Thu, December 05, 2013
Network World — Organizations drowning in big and small data will soon have a new way to wrangle, munge or transform it however you want to describe the process thanks to software from startup Trifacta that's now in beta tests.
The San Francisco company, whose staff has grown from its three computer scientist founders a year ago to a robust 22 employees, today announced a second round of venture funds totaling $12 million led by Greylock Partners and Accel Partners. That brings overall funding to $16.3 million.

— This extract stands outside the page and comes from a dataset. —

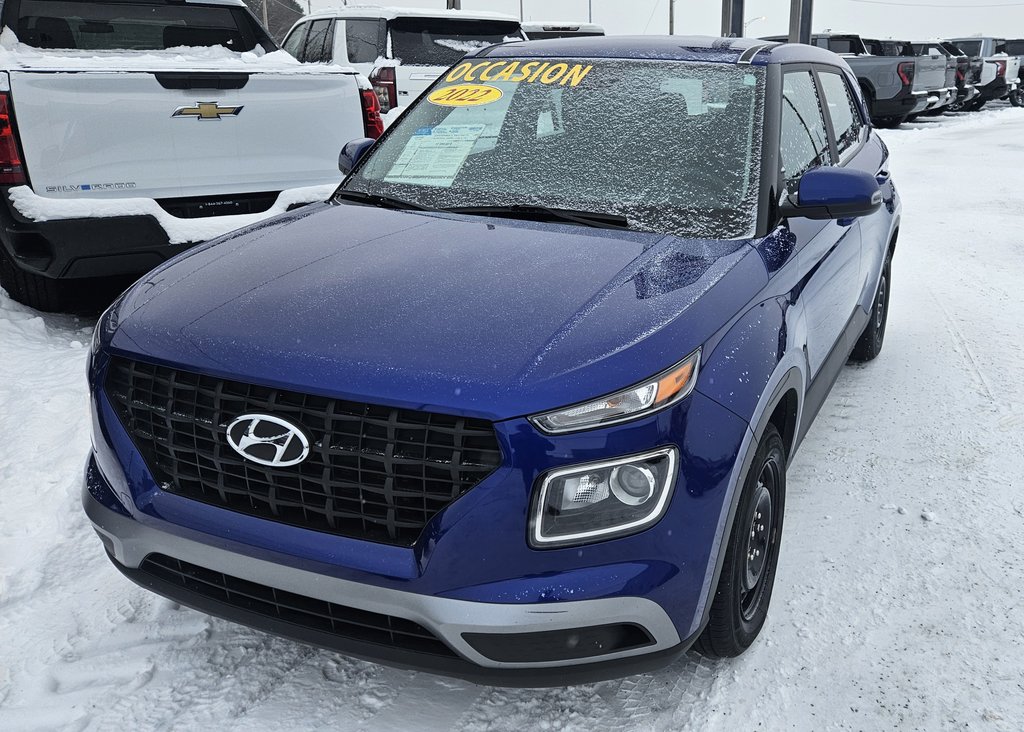 2022 Hyundai Venue Essential in Cowansville, Quebec - 1 - w1024h768px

The new funds will allow Trifacta to bulk up product design, engineering, sales and marketing, and should pave the way for the company to roll out its data management technology next year.
First-time CEO Joe Hellerstein, who this week will present at the Data Science Summit in Redwood City, Calif., says Trifacta software sits "in the lifecycle of data between the time it has landed in infrastructure typically something like Hadoop and the time it is consumed in business intelligence or predictive analytics tools." Expect Trifacta to partner with companies whose products bookend its own, such as Cloudera, Pivotal and Tableau.
Trifacta seeks to make cleaning up that raw data faster so that data scientists and business analysts can spend more of their time analyzing it and making use of it (And the company isn't overlooking "small data," either, such as enabling users to transfer contact information from one app to another.). "There's a real user interface challenge," Hellerstein says. (Hear him talk about the startup as well in the embedded audio clip.)
The product will consist of a Web-based user interface and lightweight service on the back end that Hellerstein says can be hosted on relatively modest hardware and that will contain metadata useful for predicting how users might employ the software the longer they have it. The serious number crunching still takes place on existing big data infrastructure, he says.
While the hullabaloo over big data might elude those running enterprise networks, Hellerstein sees plenty of ways in which such IT pros might benefit from getting a better handle on the streams and reams of information in their organizations.
"Everyone's a data scientist nowadays, everybody is trying to be more data driven," he says. "People in IT obviously have a great interest in looking at machine-generated data in one form or another...such as in data security (not that Trifacta is targeting that vertical market particularly)."